Podría decirse que Stephen Edwin King (Portland, 1947) inició su carrera en el mundo literario con el pie derecho. Su primera novela, Carrie (1974), que estuvo a punto de nunca salir a la luz, se convirtió en poco tiempo en un éxito de ventas. En los años que siguieron a la publicación de Carrie, Stephen King escribiría algunas de sus novelas más icónicas: El misterio de Salem Lot (1975), El resplandor (1977), La zona muerta (1979) o el primer volumen de su saga La torre oscura (1982). Sus historias han influenciado a una cantidad innumerable de autores y forman ya parte del imaginario colectivo. Sus libros han sido llevados al cine y a la televisión en multitud de ocasiones, siendo una de las adaptaciones más recientes la de su novela It (1986) de la mano del director argentino Andrés Muschietti. Sus seguidores se encuentran repartidos por todo el globo y acumula casi seis millones de seguidores en Twitter. Sirva lo anteriormente mencionado de ejemplo de la exitosa carrera y del talento del que es considerado uno de los escritores vivos más importantes.

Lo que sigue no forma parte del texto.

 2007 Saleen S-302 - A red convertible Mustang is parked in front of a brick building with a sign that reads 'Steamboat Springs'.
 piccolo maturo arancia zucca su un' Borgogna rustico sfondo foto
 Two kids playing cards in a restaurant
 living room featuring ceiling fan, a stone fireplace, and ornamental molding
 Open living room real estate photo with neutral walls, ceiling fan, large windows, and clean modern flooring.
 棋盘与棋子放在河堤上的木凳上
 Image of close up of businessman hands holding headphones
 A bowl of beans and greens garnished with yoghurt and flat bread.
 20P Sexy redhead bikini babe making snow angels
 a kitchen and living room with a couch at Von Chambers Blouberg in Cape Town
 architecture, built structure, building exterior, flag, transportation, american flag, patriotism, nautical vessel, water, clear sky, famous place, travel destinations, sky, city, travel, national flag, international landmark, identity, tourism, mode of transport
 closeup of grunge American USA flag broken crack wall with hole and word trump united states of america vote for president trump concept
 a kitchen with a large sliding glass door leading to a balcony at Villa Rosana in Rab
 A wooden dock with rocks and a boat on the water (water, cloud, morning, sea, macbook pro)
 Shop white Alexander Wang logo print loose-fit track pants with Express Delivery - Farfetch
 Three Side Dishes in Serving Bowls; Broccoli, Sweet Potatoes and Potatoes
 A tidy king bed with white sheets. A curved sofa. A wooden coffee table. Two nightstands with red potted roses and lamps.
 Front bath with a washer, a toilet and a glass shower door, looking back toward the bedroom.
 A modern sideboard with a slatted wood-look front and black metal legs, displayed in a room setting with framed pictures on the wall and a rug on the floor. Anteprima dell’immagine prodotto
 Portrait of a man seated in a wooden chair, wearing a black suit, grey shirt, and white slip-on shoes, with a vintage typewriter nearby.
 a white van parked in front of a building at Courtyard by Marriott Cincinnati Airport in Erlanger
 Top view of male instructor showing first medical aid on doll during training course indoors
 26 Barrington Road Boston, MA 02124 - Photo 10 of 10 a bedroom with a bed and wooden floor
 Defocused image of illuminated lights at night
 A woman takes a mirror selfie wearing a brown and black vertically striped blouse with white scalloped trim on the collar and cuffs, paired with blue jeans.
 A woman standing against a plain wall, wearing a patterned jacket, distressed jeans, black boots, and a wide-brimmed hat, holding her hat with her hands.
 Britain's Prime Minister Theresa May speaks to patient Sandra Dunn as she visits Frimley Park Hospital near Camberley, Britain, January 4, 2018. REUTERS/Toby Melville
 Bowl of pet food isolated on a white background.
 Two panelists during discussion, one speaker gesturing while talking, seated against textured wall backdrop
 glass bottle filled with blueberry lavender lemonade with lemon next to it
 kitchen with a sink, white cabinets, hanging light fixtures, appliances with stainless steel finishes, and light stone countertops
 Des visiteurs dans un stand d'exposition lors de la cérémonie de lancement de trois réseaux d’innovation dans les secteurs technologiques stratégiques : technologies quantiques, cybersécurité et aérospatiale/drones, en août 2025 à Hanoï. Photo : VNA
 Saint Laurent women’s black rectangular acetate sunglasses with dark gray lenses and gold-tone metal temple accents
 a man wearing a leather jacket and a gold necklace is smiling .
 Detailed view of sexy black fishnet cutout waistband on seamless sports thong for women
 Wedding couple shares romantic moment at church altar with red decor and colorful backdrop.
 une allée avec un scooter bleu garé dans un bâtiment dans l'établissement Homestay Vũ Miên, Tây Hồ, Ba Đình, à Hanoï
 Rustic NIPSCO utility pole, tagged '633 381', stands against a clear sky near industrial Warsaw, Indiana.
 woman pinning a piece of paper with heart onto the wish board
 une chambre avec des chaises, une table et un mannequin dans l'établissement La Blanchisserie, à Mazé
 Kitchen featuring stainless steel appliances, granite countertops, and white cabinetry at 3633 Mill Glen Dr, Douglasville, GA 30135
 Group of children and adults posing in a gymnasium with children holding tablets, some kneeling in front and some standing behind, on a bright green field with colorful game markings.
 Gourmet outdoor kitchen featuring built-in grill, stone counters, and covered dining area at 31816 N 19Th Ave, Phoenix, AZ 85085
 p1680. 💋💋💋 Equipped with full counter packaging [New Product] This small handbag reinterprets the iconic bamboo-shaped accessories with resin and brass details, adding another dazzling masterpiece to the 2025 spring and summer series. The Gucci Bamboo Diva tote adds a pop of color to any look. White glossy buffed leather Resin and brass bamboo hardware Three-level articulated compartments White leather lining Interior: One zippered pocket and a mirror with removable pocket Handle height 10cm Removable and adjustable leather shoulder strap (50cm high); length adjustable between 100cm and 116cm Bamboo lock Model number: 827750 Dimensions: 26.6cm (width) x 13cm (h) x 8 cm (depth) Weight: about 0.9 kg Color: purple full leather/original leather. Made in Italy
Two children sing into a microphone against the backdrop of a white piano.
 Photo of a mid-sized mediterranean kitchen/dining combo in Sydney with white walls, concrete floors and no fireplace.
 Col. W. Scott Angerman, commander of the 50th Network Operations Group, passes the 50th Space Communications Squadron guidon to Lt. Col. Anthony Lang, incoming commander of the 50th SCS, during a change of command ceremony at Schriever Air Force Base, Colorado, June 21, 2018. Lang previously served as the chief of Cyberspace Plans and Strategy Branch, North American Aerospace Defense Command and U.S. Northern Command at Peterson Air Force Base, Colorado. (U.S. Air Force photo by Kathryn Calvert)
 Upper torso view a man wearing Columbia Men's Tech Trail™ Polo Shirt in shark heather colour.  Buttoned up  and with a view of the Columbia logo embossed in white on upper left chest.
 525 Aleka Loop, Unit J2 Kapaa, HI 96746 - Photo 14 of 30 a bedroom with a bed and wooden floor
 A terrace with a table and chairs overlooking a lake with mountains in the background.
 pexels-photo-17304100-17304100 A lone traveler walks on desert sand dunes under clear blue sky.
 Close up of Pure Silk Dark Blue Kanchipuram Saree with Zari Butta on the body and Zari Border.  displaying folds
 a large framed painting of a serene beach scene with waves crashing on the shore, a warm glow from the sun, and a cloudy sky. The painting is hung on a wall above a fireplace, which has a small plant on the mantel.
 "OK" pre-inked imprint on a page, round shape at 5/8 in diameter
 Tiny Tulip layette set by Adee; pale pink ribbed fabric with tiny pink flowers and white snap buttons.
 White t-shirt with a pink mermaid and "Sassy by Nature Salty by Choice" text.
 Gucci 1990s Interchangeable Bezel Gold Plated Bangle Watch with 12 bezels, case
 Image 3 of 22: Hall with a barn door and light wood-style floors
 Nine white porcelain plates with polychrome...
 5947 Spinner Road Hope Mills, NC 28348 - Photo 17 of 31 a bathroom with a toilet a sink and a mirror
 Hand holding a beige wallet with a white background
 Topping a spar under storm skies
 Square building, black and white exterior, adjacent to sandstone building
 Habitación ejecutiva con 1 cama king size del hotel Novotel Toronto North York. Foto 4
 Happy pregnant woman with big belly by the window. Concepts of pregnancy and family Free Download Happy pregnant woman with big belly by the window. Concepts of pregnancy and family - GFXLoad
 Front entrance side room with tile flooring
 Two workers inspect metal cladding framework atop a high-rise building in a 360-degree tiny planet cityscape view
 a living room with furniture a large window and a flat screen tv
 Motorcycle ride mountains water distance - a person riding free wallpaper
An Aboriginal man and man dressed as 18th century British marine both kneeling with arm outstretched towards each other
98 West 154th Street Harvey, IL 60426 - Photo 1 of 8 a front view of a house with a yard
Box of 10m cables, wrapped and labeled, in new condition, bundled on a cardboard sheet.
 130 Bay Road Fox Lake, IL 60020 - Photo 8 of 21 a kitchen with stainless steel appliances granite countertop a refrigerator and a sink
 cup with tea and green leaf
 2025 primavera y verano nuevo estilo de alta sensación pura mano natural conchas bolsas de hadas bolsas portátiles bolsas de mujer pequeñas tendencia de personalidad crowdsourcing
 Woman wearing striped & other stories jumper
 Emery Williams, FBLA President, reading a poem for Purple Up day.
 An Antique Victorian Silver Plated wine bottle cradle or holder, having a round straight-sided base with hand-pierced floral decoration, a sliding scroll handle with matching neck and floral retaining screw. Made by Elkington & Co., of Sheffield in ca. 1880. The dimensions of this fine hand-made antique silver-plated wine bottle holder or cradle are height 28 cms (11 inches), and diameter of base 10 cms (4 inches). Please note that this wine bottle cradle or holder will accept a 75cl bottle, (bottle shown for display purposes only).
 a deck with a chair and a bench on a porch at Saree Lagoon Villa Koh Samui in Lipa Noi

Stephen King en su despacho

¿Cómo acaba un profesor de secundaria de Portland convirtiéndose en uno de los escritores de fantasía y terror más destacados del siglo XX? Pues con pasión y años de duro trabajo. «Los aficionados se sientan y esperan a que llegue la inspiración, el resto de nosotros simplemente nos sentamos y nos ponemos a trabajar», escribe King en su libro autobiográfico Mientras escribo (2000). Criado por una madre a la que le costaba llegar a fin de mes, su infancia y juventud estuvieron marcadas por los continuas mudanzas, las recurrentes inflamaciones crónicas de oído y garganta y un interés precoz por la escritura y la lectura que en más de una ocasión le acarrearía problemas. Hasta 1973, año a partir del que pudo empezar a trabajar como escritor a tiempo completo, su currículum incluye trabajos como conserje en un colegio o empleado en una lavanderia.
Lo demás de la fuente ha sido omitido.